5) Bruce Springsteen -- Nebraska: Not everyone could sit down with a home four-track cassette recorder and come up with nearly an entire album in one day (January 3, 1982) -- well, a listenable album, let's put it that way, Pussy Galore -- but Bruce Springsteen could mumble into his shirt in 1982 and the world would listen. Or at least his fans, who were numerous enough to land the album at #3. Even if you don't like Bruce, you probably like the idea of this album.
4) Michael Jackson -- Thriller: The album that everyone's grandmother bought for them. It was, after all, eventually something even grandma heard of. Seven singles from the album enforced a startling trend into the 'album as a never-ending presence', giving Jackson five years to follow-up with Bad, and allowing other artists similar amounts of time to deliver their almighty message. This album is the equivalent of putting a man on the moon and leaving him there.

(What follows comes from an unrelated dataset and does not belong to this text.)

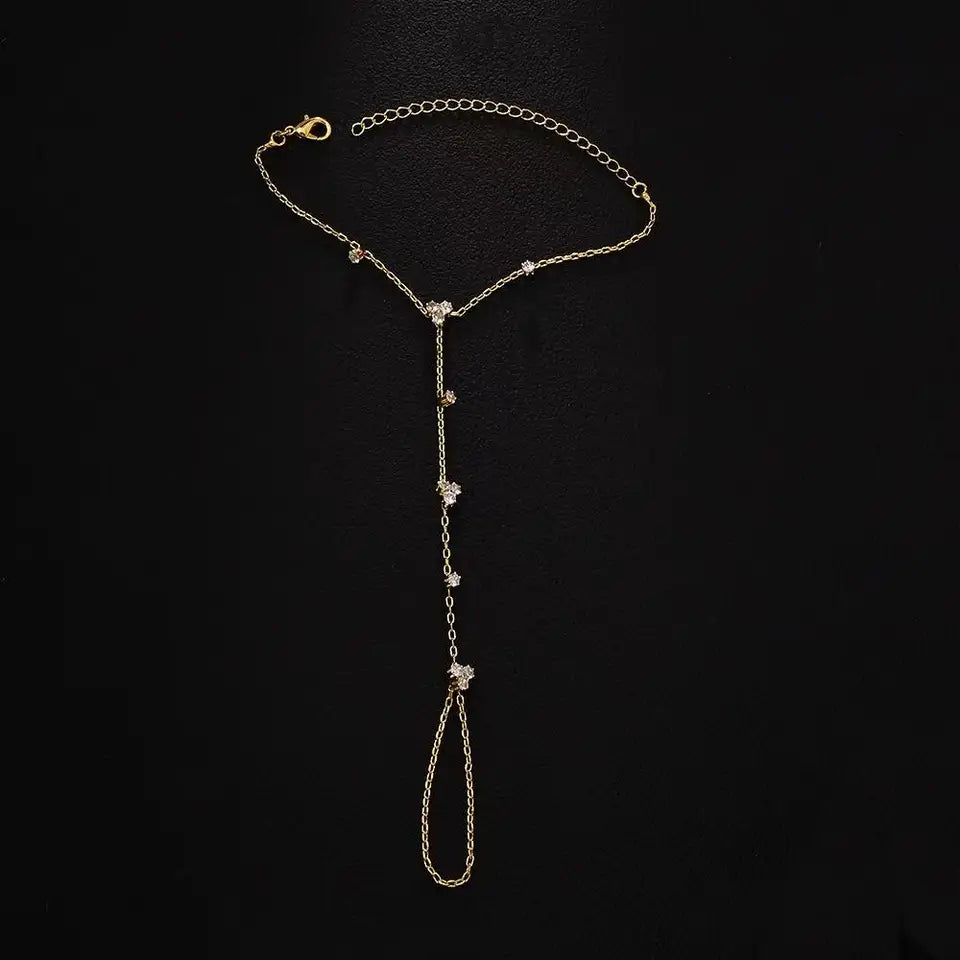 Summer New Rhinestone Flower Hand Back Bracelet Wedding Jewelry for Women Crystal Geometric Finger Bracelet Party Jewelry Gift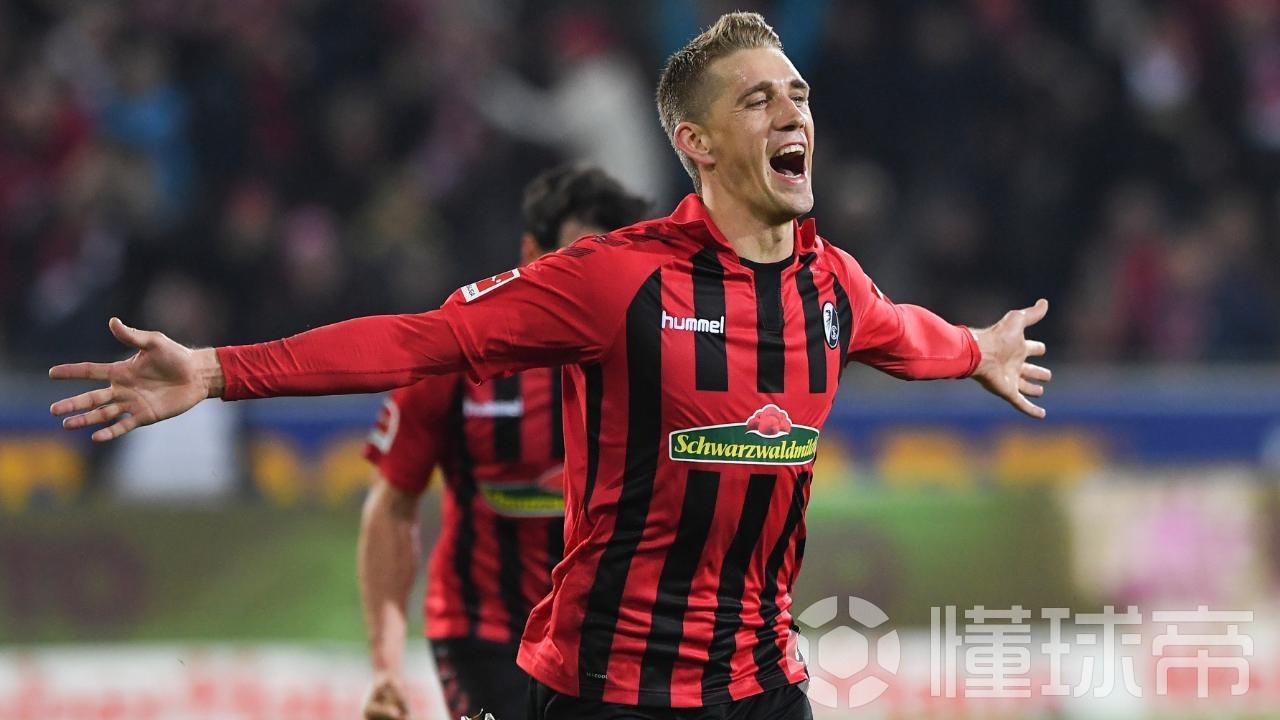 弗赖堡遭遇两连败，主帅寻求解决之道的简单介绍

3) The Birthday Party -- Junkyard: In my endless quest to revise world history to my liking, Jimmy Carter won a second term and the Birthday Party topped the album charts with this album, in part, due to the overwhelmingly popular hit single "Big Jesus Trash Can" that begat a string of eight hit singles, a feat only topped by…
2) Captain Beefheart -- Ice Cream For Crow: Twelve hit singles! Yes Beefheart-mania reached new heights as "Semi-Multicoloured Caucasian," "Hey Garland, I Dig Your Tweed Coat" and "'81' Poop Hatch" each sat at #1 for 16 weeks apiece, preventing any other music from achieving the top position for all of 1982. When the album was finally released in September 1982, President Carter stated, "Time has proven, we are all Beefheartians now."
1) The Cure -- Pornography: Here's where we separate the boys from the beach-goers. The album is a perfect litmus test for who should and should not be your friend. This album should make you smile and laugh uproariously. If not, you're just a truly awful human being.